Cortez schools face $750,000 shortfall

Superintendent: Reliance on reserves can’t continue

Carter Enlarge photo


The Montezuma-Cortez Re-1 School District may face a budget deficit of up to $750,000 this year, potentially eating into the district’s savings for a fifth consecutive year.

“The budget is not in good shape, but it’s not our fault,” said Superintendent Alex Carter. “We’re simply not funded appropriately.”

The projected $750,000 shortfall is a worst-case scenario, Carter said. At the end of the year, any remaining line-item appropriations would be transferred back to the general fund to help offset the deficit, possibly reducing it to only $250,000 for the fiscal year, Carter said.

“We’re spending the money smart,” Carter said. “We’re spending it on our students and their needs.”

Even with the end-of-year transfer, Carter said the district could not continue operating under a deficit, as it has every year since 2009. Described as a short-term spending strategy, Carter said the savings eventually would disappear.

“If we keep tapping our reserves, we will be broke within four years,” he said.

Colorado lawmakers have slashed education funding across the state by $1.2 billion since 2009, Carter said.

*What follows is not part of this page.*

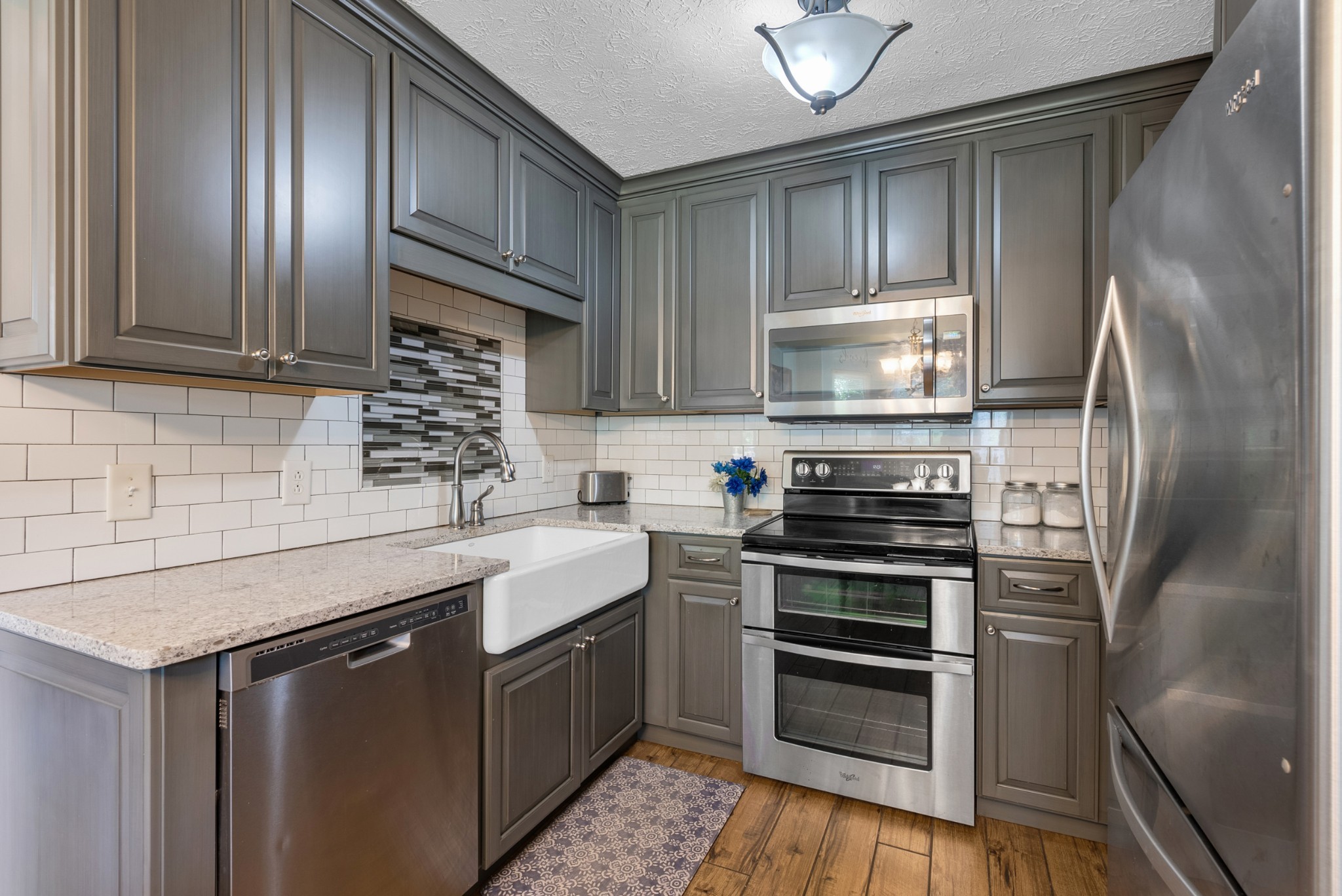 2220 Pleasant View Road Pleasant View, TN 37146 - Photo 11 of 34 a kitchen with stainless steel appliances granite countertop a sink stove and refrigerator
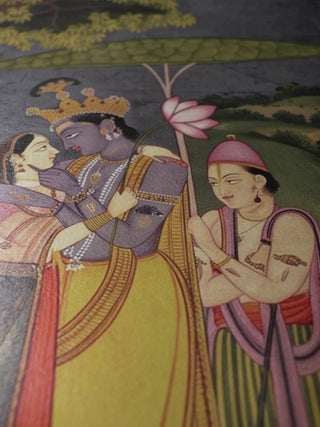 Close-up video of the Radha Krishna landscape wall art, moving over the embracing couple, the attendant, a heron in the tree and the floral border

The district’s share of those lost revenues is about $3 million, including the latest legislative cut of $212,000 for this fiscal year, which was announced in December.

Despite legislative cuts, which totaled more than $3.3 million across the state this year, the largest factor contributing to the district’s projected deficit is increased health costs, which is projected at $400,000 for the fiscal year, district Finance Director Wendy Everett said.

The legislative cuts, known as the “negative factor,” have reduced annual per-pupil spending across the district to a low of $6,309. Average per-pupil funding in Colorado is $7,534.

In Dolores, per-pupil funding is $6,946. In Mancos, it is $7,975.

“Both Mancos and Dolores voters have approved mill levy overrides,” Carter said. “That’s why they have more money to spend on students.”

If Cortez voters approved an override, Carter said he’d want to use the extra funding to extend the school year and increase school security and student access to technology.

“These three things we will need forever,” Carter said. “These needs aren’t going away.”

District officials are exploring the idea of proposing a mill levy increase, which would require voter approval. At 18.933, the district’s current mill levy generates $850,000 annually for local school funding.

“It’s up to the people to decide whether students are a resource to invest in or if they are a drain on resources,” Carter said.

Carter said he thinks most of the community would support a tax increase.

“The people should invest in these kids because they never leave,” he said. “They are, literally, this community’s future.”

The district also is working to form a financial advisory committee that would explore other potential revenue streams. One idea that’s surfaced is looking into the possibility of receiving funds from casino revenues.

Everett encouraged residents to be proactive.

“Our parents, our moms and dads, they need to demand their legislators restore education funding,” she said.